Neue KI-basierte SPAM-Filter haben das Problem 2024 und 2025 sogar noch verschärft. Diese Systeme lernen kontinuierlich dazu und können manchmal überreagieren. Plötzlich landen Newsletter, die jahrelang problemlos ankamen, im Nirwana – ohne dass sich am Inhalt etwas geändert hätte.
Automatische Austragungen – ein wachsendes Problem
Gerade beim automatisierten E-Mail-Versand erkennen die versendenden Systeme, dass wiederholte Fehler auftreten. Nach einer gewissen Zeit entfernen sie die betroffenen E-Mail-Adressen automatisch. Wenn die Blockade des Mailservers dann irgendwann aufgehoben ist, seid ihr automatisch aus dem Verteiler rausgefallen.
Moderne Marketing-Systeme wie Mailchimp, SendGrid oder deutsche Anbieter wie CleverReach haben mittlerweile sehr aggressive Bounce-Management-Regeln. Schon nach drei bis fünf gescheiterten Zustellversuchen wird eine E-Mail-Adresse als „ungültig“ markiert und aus dem Verteiler entfernt.
Was könnt ihr tun?
Als Empfänger habt ihr leider nur begrenzte Einflussmöglichkeiten. Aber ein paar Tricks gibt es doch:
1. Problem identifizieren: Es gibt verschiedene Anbieter von SPAM-Blockierungslisten. Einer der wichtigsten ist SPAMHaus.org. Dort könnt ihr den Namen oder die IP eures Mailservers eingeben. Ihr bekommt dann die Information, ob dieser gesperrt ist.

2. Weitere wichtige Blacklists prüfen: Neben Spamhaus solltet ihr auch andere wichtige Listen checken:
– Barracuda Reputation Block List (BRBL)
– SURBL (Spam URI Realtime Blocklists)
– Microsoft SNDS (Smart Network Data Services)
– Google Postmaster Tools
3. Provider kontaktieren: Wenn euer Mailserver blockiert ist, könnt ihr über die Meldeformulare einen Antrag auf Entsperren stellen. Die Erfolgsquote hat sich in den letzten Jahren verbessert, aber es dauert oft mehrere Tage.
4. Alternative E-Mail-Adressen nutzen: Wenn ihr regelmäßig wichtige Mails von bestimmten Absendern erwartet, richtet euch eine zusätzliche Adresse bei einem anderen Provider ein. Gmail, Outlook.com und andere große Anbieter haben seltener Probleme mit Blockaden.
5. Whitelist-Einträge: Viele moderne E-Mail-Clients bieten mittlerweile Whitelist-Funktionen. Fügt wichtige Absender zu euren „sicheren Absendern“ hinzu.

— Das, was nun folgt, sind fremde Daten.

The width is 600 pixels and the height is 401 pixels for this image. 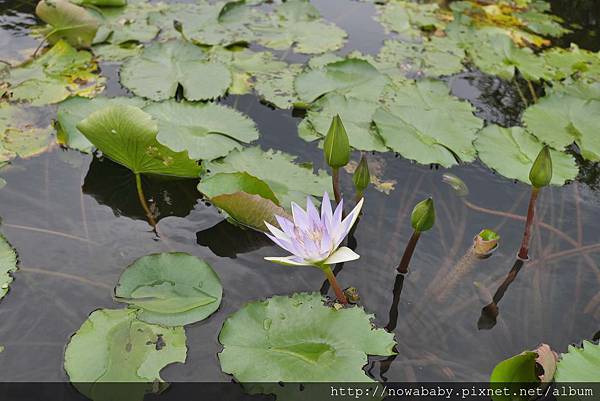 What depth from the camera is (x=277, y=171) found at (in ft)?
8.65

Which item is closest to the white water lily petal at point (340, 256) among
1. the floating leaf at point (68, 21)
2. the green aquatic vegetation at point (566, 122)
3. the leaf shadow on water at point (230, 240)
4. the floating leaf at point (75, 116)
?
the leaf shadow on water at point (230, 240)

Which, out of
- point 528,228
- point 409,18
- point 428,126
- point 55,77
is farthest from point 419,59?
point 55,77

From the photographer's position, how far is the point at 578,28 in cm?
495

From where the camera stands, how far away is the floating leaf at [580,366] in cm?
175

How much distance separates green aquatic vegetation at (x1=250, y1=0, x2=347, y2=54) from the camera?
3.97 metres

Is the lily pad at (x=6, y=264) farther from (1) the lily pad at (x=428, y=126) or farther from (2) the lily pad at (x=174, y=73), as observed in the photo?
(1) the lily pad at (x=428, y=126)

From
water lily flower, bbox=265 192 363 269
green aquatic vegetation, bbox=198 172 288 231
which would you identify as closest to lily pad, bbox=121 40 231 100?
green aquatic vegetation, bbox=198 172 288 231

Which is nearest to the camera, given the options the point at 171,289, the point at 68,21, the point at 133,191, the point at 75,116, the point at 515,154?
the point at 171,289

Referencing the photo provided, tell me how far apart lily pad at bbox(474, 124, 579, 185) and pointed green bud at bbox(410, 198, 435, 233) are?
3.09 ft

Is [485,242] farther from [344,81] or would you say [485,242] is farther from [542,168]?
[344,81]

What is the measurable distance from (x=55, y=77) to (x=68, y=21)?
1.53ft

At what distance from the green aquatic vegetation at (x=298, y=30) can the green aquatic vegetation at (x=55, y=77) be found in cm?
127

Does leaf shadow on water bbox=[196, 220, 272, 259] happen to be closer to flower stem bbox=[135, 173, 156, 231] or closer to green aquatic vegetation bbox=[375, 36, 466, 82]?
flower stem bbox=[135, 173, 156, 231]

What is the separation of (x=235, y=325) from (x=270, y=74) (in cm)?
214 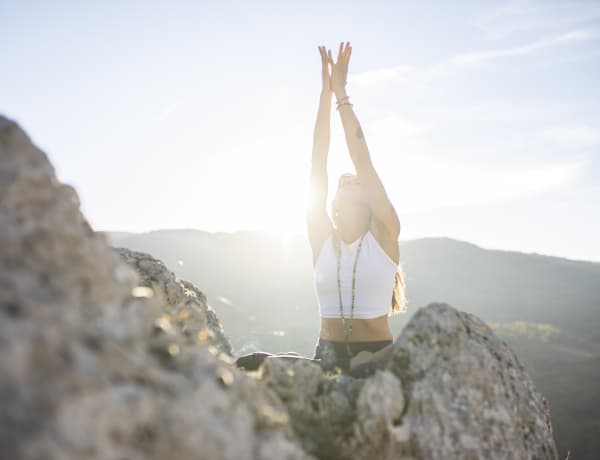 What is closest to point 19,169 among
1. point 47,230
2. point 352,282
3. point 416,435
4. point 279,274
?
point 47,230

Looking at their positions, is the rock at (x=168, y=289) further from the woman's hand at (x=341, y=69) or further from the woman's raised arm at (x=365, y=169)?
the woman's hand at (x=341, y=69)

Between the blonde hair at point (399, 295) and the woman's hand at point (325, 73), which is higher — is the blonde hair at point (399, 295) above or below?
below

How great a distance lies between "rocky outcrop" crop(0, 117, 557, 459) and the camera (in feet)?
5.67

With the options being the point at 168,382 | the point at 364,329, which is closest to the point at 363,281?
the point at 364,329

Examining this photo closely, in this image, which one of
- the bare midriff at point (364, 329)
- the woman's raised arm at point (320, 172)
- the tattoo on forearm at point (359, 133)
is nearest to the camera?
the bare midriff at point (364, 329)

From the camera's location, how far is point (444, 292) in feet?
318

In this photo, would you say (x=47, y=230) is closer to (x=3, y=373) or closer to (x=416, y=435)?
(x=3, y=373)

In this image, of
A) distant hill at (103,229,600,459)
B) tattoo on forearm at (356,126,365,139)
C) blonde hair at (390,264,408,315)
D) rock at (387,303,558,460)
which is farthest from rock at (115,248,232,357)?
distant hill at (103,229,600,459)

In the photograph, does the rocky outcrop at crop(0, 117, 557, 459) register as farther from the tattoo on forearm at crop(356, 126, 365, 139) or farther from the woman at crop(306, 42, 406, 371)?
the tattoo on forearm at crop(356, 126, 365, 139)

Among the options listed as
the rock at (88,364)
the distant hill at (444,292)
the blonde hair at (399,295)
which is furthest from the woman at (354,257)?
the distant hill at (444,292)

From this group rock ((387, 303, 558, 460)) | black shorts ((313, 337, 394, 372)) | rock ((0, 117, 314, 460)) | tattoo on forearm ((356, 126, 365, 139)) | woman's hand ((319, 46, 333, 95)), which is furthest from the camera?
woman's hand ((319, 46, 333, 95))

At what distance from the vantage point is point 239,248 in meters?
108

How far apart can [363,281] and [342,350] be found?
0.73 m

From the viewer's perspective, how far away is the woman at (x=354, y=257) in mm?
4879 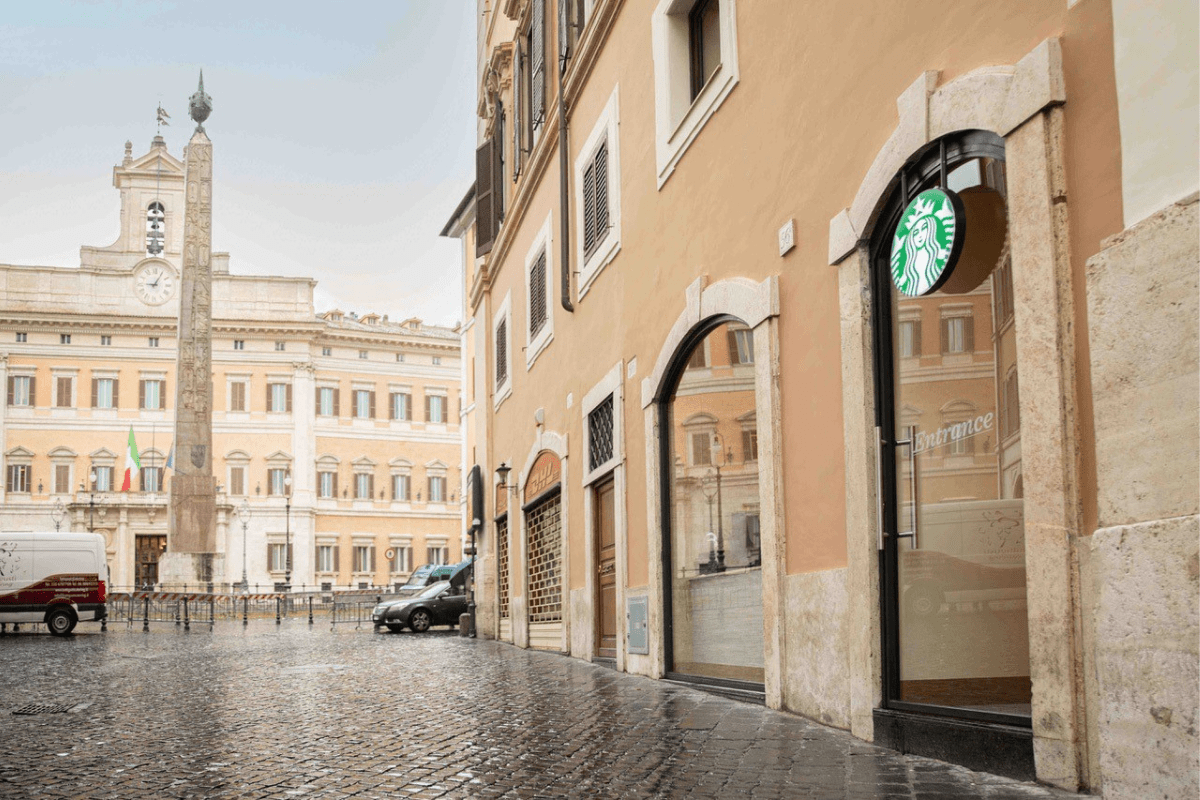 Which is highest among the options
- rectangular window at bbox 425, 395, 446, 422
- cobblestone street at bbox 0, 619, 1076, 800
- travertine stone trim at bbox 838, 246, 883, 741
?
rectangular window at bbox 425, 395, 446, 422

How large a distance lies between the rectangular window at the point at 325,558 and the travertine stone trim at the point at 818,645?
197ft

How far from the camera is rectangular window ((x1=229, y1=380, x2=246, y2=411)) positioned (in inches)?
2594

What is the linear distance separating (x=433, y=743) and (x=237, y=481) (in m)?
60.8

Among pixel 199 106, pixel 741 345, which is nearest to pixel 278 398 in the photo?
pixel 199 106

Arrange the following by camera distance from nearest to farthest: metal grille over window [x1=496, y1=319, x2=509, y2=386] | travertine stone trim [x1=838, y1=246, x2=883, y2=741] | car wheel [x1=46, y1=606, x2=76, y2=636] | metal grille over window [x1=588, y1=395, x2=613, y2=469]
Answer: travertine stone trim [x1=838, y1=246, x2=883, y2=741]
metal grille over window [x1=588, y1=395, x2=613, y2=469]
metal grille over window [x1=496, y1=319, x2=509, y2=386]
car wheel [x1=46, y1=606, x2=76, y2=636]

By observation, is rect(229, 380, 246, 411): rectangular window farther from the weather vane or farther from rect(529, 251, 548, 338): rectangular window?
rect(529, 251, 548, 338): rectangular window

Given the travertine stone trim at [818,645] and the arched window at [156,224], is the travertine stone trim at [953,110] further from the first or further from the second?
the arched window at [156,224]

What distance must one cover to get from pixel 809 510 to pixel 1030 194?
3.04 m

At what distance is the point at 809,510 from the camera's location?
7617 mm

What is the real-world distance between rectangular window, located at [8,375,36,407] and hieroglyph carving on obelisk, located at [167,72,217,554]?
29.7m

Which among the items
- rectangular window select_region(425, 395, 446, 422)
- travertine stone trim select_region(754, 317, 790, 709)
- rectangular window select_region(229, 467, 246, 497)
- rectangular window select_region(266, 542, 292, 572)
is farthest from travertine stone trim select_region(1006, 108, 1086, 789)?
rectangular window select_region(425, 395, 446, 422)

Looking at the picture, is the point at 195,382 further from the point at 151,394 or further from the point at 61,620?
the point at 151,394

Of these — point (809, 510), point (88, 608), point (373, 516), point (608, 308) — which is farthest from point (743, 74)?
point (373, 516)

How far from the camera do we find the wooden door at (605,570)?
13.2m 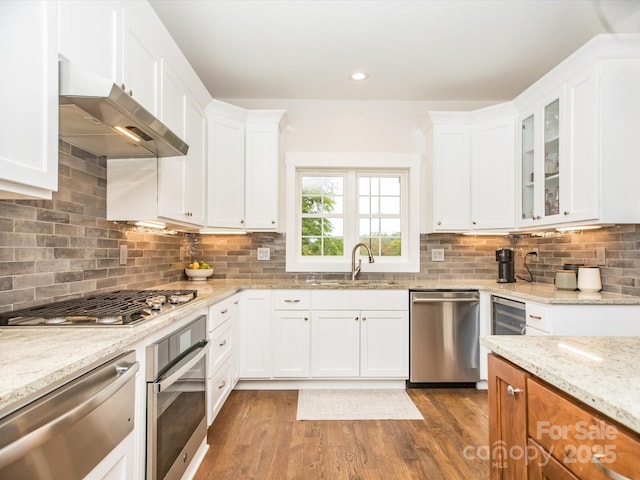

Die Zukunft: DMARC, SPF und DKIM
Seit 2024 setzen immer mehr Provider auf strengere Authentifizierungsverfahren. DMARC (Domain-based Message Authentication, Reporting and Conformance) wird zum Standard. Das bedeutet: E-Mails ohne korrekte Authentifizierung haben es noch schwerer.
Für euch als Nutzer heißt das: Das Problem wird sich mittelfristig verbessern, weil seriöse Absender ihre Systeme entsprechend konfigurieren müssen. Spammer haben es dadurch deutlich schwerer. Kurzfristig kann es aber zu mehr „false positives“ kommen – also legitimen E-Mails, die fälschlicherweise blockiert werden.
Fazit
Mailblockaden durch SPAM-Listen bleiben ein lästiges Problem ohne einfache Lösung. Die Automatisierung macht es noch komplexer. Wichtig ist: Wenn ihr plötzlich keine E-Mails mehr von bestimmten Absendern erhaltet, liegt es nicht immer am Absender. Manchmal ist euer Provider das Problem.